> [About this exercise] Could you repeat, exactly and with no pictures, only the lines from the start of the records through the line containing "燃料レベルセンサー SUBARU LEGACY"?

> [Web page caption snippets]

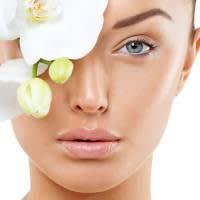 Tattoo - Varanleg förðun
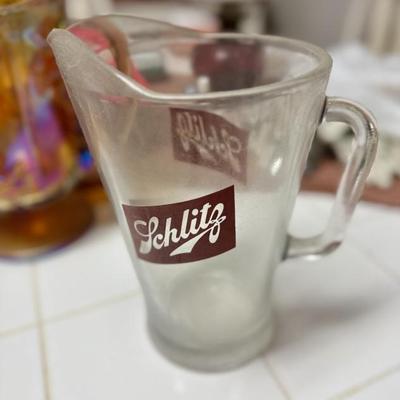 Sale Photo Thumbnail #113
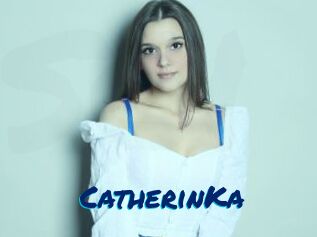 CatherinKa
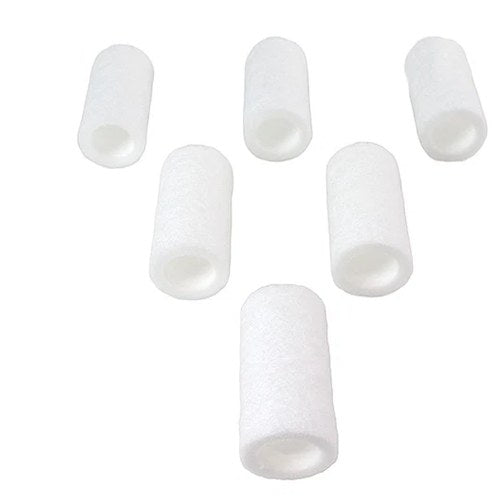 Oil Filter Element for Harley-Davidson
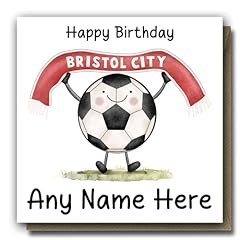 Cards man bristol for sale  Delivered anywhere in UK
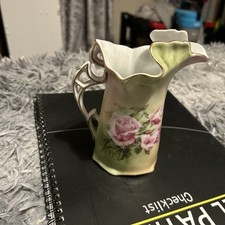 Vintage small jug for sale  HALTWHISTLE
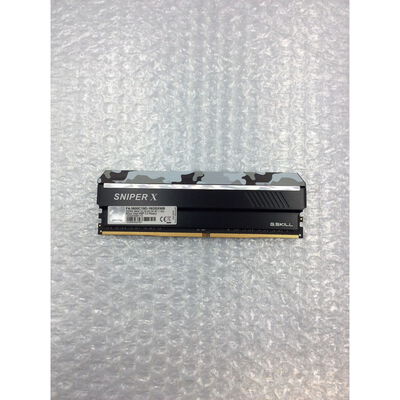 【座間相武台】中古  PC4-28800 8GB デスクトップ用 140733 
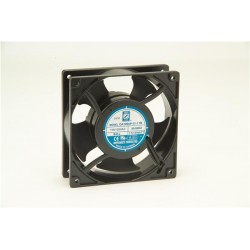 Orion Fans OA109AP-11-3TB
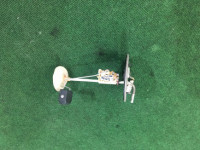 燃料レベルセンサー SUBARU LEGACY B4 OEM 42081AE010 42081AE000 BE5 2001 EJ206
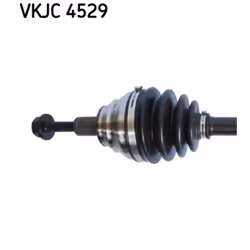 Arbre de transmission SKF VKJC 4529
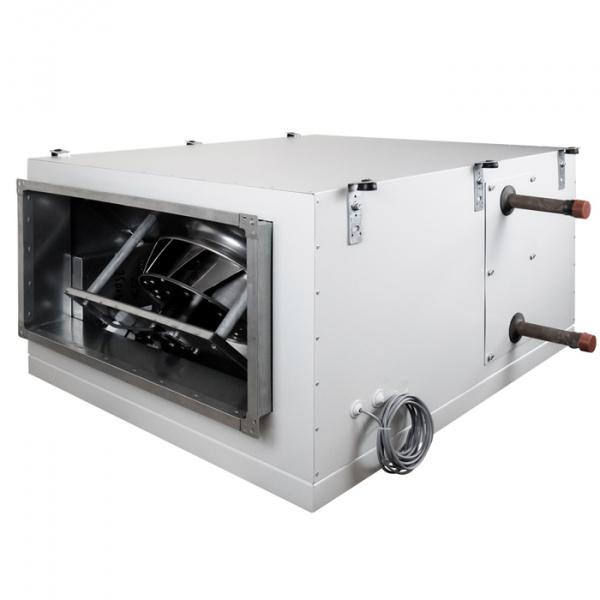 ФЬОРДИ ВПУ 1500 W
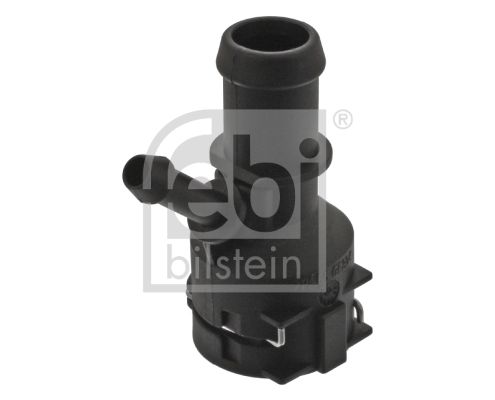 FEBI BILSTEIN 45990 Aušinimo skysčio jungė
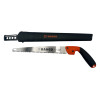 Scie arboricole 32cm courbe JT BAHCO
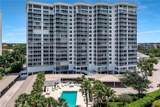 6361 Pelican Bay Blvd - Photo 30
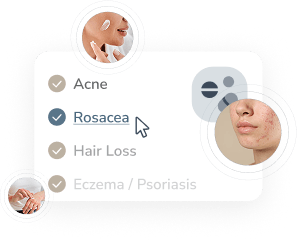 how it works image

> [Written solution]
 Tattoo - Varanleg förðun
 Sale Photo Thumbnail #113
 CatherinKa
 Oil Filter Element for Harley-Davidson
 Cards man bristol for sale  Delivered anywhere in UK
 Vintage small jug for sale  HALTWHISTLE
 【座間相武台】中古  PC4-28800 8GB デスクトップ用 140733 
 Orion Fans OA109AP-11-3TB
 燃料レベルセンサー SUBARU LEGACY B4 OEM 42081AE010 42081AE000 BE5 2001 EJ206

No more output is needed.